3.7 Grant of License -- Client. Client hereby grants to Fry a non-exclusive, worldwide, royalty-free license for the Initial Term and any Renewal Term (as those terms are hereinafter defined) to edit, modify, adapt, translate, exhibit, publish, transmit, participate in the transfer of, reproduce, create derivative works at Client's direction from, distribute, perform, display and otherwise use Client Content as necessary to render the Services to Client under this Agreement. In no event will Fry remove or alter any proprietary notice of Client, or any third party, contained on any of the Client Sites without the prior written consent of Client.

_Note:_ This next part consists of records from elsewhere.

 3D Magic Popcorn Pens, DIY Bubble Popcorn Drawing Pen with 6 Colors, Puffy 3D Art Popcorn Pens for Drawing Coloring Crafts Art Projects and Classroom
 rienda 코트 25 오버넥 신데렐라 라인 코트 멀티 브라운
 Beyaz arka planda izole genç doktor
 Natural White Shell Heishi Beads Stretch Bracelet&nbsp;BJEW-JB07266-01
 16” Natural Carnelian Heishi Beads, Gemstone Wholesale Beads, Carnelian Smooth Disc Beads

3.8 Grant of License -- Fry. Fry hereby grants to Client a limited, non-exclusive, non-transferable perpetual license to make use of Fry Materials which are incorporated in the Client Sites and which are required for the operation of the Client Sites solely to operate the Client Sites on the Fry Server as well as on any back-up, disaster recovery or mirrored servers and web sites of Client or its affiliates whether hosted by Fry, Client or by a third party. Fry hereby reserves for itself all rights in and to the Fry Materials not expressly granted to Client in the immediately foregoing sentence. In no event shall Client use any trademarks or service marks of Fry without Fry's prior written consent.

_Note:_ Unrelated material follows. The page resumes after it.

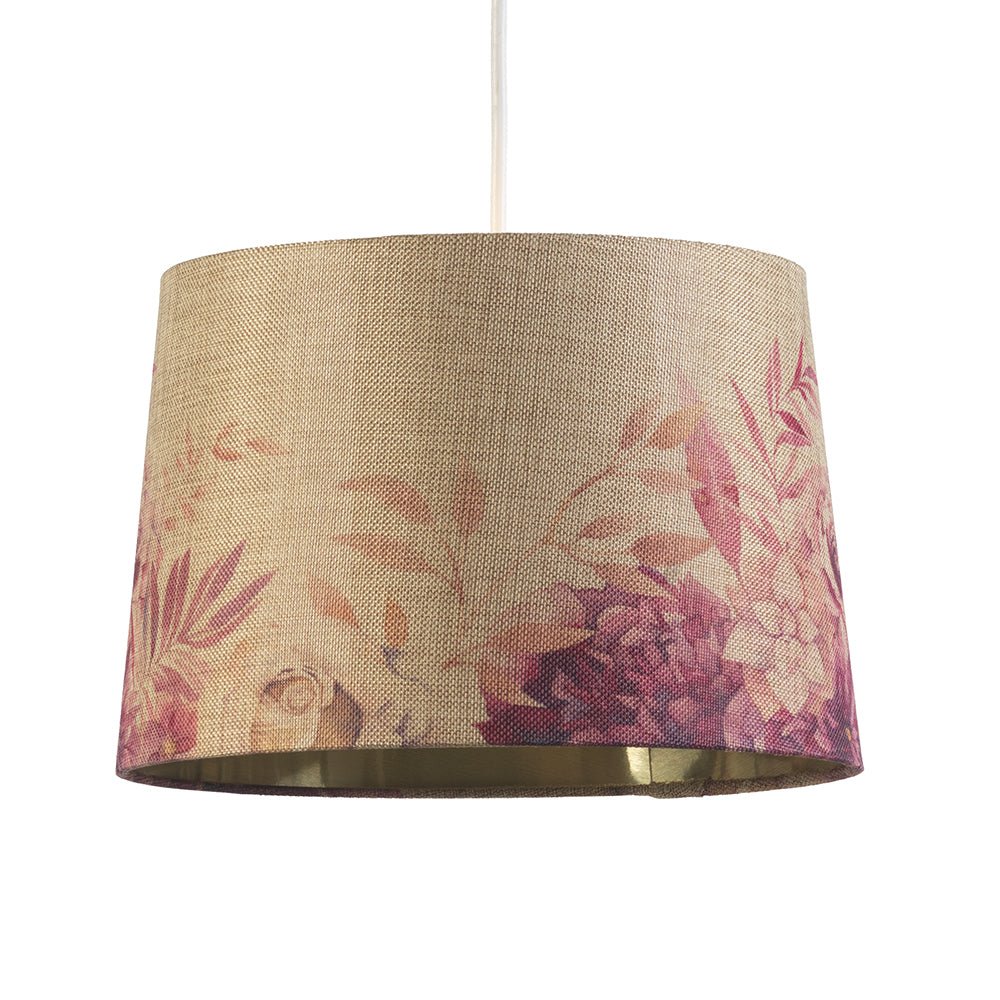 Oaks Lighting - Country Floral Shade With Gold Inner - Luminosity Designs Ltd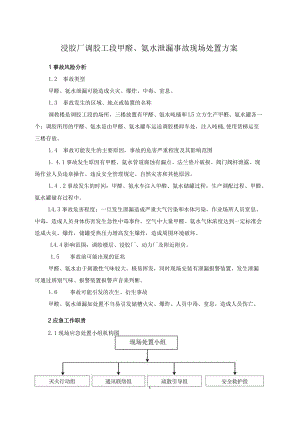 甲醛、氨水泄漏事故现场处置方案.docx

4. Hosting, Communications and Maintenance Services
4.1 Hosting Services. Fry agrees to provide Client with services for hosting of each of the Client Sites specified in the Annual Plan. Fry shall provide the hosting services in a professional, workmanlike manner, and high grade of service, so that the Client Sites are accessible to third parties via the Internet as specified herein and in the Configuration.
4.2 Availability of the Client Sites. Unless otherwise indicated on Schedule 1.2 hereto, the Client Sites shall be accessible to third parties and Client via the Internet and otherwise as specified in the Annual Plan or the Configuration twenty-four (24) hours a day, seven (7) days a week, except for scheduled maintenance and required repairs
during such non-Key Time Periods as Client and Fry mutually agreed in advance ("Scheduled Maintenance").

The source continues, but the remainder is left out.